New digital mammography system available at GMC

L-R Claudia Ausemus (Foundation Treasurer); Janis Carter (Radiology Director); Lucas Stansbury (Foundation President); Michelle Goff (Foundation Vice-President)

      Girard Medical Center has become one of the first women’s centers in the United States to offer breast cancer screening with a state-of-the-art Selenia Dimensions 2D full field digital mammography system. The GMC Foundation raised the entire $358,000 amount of the Mammo, of which $250,000 was raised through their recent “Campaign for Life.” campaign.  The funds came from the generous donations of the community and the employees who donate part of their salary through payroll deduction.

          The system offers incredibly sharp breast images, an advanced ergonomic design providing more patient comfort and a flexible platform that is designed to support advanced mammography applications. Additionally, if the FDA approves breast tomosynthesis, a method of performing high-quality, high-resolution 3D images through x-rays, the machine can be configured to accommodate it.

          “With digital mammography, the radiologist reviews electronic images of the breast, using special high-resolution monitors,” Janis Carter, director of radiology for GMC, said. “The physician can adjust the brightness, change contrast and zoom in for close-ups of specific areas of interest. Being able to manipulate images is one of the main benefits of digital technology.”

          In addition to this, she said, digital mammography can reduce the need for retakes due to over or under exposure. This potentially saves time and reduces a patient’s exposure to x-rays.

          The digital images can also be transmitted quickly across a network, easily stored, copied without any loss of information and transmitted and received in a more streamlined manner.
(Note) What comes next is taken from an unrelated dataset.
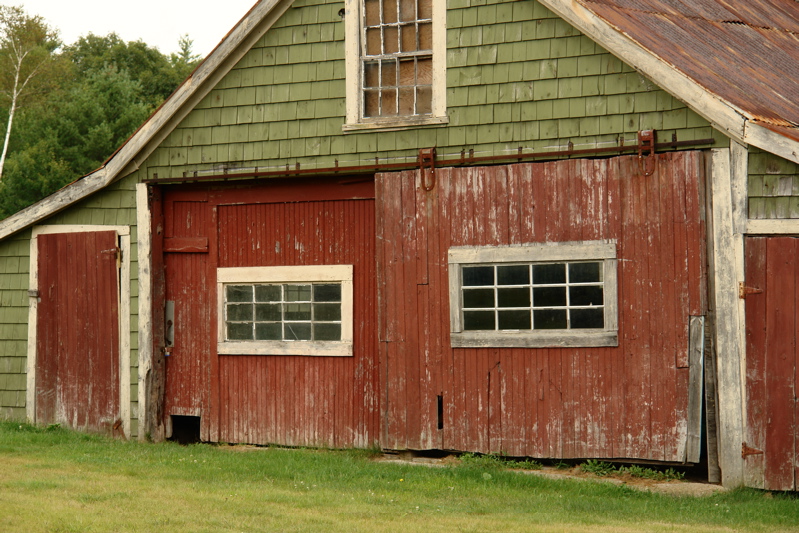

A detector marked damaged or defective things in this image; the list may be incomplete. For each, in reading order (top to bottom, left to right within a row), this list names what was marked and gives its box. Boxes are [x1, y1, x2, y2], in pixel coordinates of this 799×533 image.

This eliminates the dependence on only one set of original films.

          For most women 40 and over, an annual mammogram is the best way of finding breast cancer early. If detected early enough, the five-year survival rate is 98%. Mammograms play a central part in the early detection of breast cancer because they can detect changes in the breast that may be early signs of cancer, but are too small or subtle to be felt.
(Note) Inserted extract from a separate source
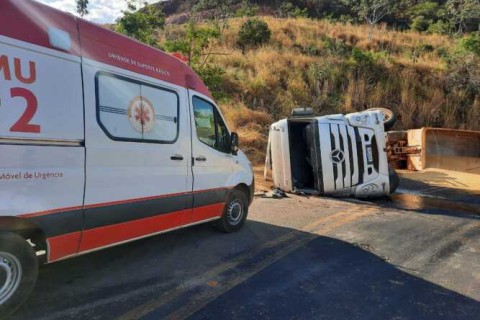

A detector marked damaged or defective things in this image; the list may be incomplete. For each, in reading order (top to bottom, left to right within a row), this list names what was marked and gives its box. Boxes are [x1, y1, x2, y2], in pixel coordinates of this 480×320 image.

There are more than 8,000 breast cancer screening sites in the U.S. Nearly 5,000 have at least one digital mammography system, but less than 100 have installed this newest generation of digital mammography equipment.

          Regarding what the new equipment means for GMC, Carter said, “There is no need for patients to travel outside of the Girard area for the best mammography technology. We have it right here at Girard Medical Center. Our machine is upgradable to Mammography Tomosynthesis or 3D by a software upgrade only. Meaning that when we are ready to move forward to 3D it will be a seamless transition.”